Lebesgue measure theory without Caratheodory's method

Question

Let $U$ be an open subset of $\mathbb{R}$. $U$ is a countable disjoint union of open intervals $I_n$. We denote $m(U) = \sum l(I_n)$, where $l(I_n)$ is the length of $I_n$. Let $A$ be a subset of $\mathbb{R}$. We denote by $\mu^*(A)$ the infimum of $m(U)$ where $U$ is an open subset such that $A \subset U$. We say a subset $M$ of $\mathbb{R}$ is measurable if it satisfies the following condition.

For every subset $A$ of $\mathbb{R}$, $\mu^*(A) = \mu^*(A\cap M) + \mu^*(A - M)$.
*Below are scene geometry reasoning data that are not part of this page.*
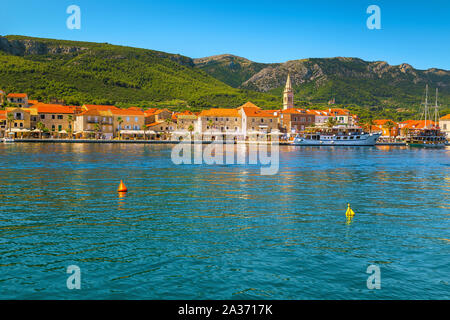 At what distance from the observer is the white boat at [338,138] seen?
12038 cm

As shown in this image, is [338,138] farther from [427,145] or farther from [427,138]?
[427,138]

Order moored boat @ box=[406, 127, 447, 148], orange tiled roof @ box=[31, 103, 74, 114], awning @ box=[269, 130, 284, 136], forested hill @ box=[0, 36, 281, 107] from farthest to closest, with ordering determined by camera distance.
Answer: forested hill @ box=[0, 36, 281, 107] → moored boat @ box=[406, 127, 447, 148] → awning @ box=[269, 130, 284, 136] → orange tiled roof @ box=[31, 103, 74, 114]

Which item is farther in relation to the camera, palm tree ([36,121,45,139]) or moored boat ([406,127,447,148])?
moored boat ([406,127,447,148])

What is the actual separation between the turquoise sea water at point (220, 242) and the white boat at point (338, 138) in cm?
9273

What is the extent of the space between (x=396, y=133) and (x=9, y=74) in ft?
468

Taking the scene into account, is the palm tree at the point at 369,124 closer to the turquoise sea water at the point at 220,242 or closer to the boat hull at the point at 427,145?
the boat hull at the point at 427,145

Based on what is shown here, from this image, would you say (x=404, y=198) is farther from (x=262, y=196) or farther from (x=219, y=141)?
(x=219, y=141)

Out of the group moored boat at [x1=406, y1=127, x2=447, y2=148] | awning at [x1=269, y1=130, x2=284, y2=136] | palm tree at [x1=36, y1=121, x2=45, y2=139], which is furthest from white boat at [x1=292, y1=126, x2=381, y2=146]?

This is Caratheodory's definition of measurability. I don't like this. I think it's unintutive. It seems to come out of nowhere. Now I'll state my question. Let $\mathcal{B}$ be the $\sigma$-algebra generated by the set of open subsets of $\mathbb{R}$. Can we prove the following assertion without using Caratheodory's method?

There exists a unique measure $\mu$ on $\mathcal {B}$ with the following properties.

1) $\mu([0, 1]) = 1$

2) For $a \in \mathbb{R}$ and $M \in \mathcal{B}$, $a + M \in \mathcal{B}$(we need to prove this) and $\mu(a + M) = \mu(M)$.

I'm almost sure the answer is affirmative, because it's very unlikely that Lebesgue's original paper used Caratheodory's method.

Answer 1

It is true that Caratheodory's condition is not needed for Lebesgue measure. In fact, Caratheodory writes that his condition was based on the previously known condition: $M \subseteq \mathbb R^n$ is Lebesgue measurable if and only if

For every bounded open interval $A$ of $\mathbb R^n$, $\mu^*(A) = \mu^*(A\cap M) + \mu^*(A - M)$

Caratheodory wanted a condition that could be applied more generally. For example, for "arc length" meausure in $\mathbb R^n, n \ge 2$, where every open interval has infinite measure.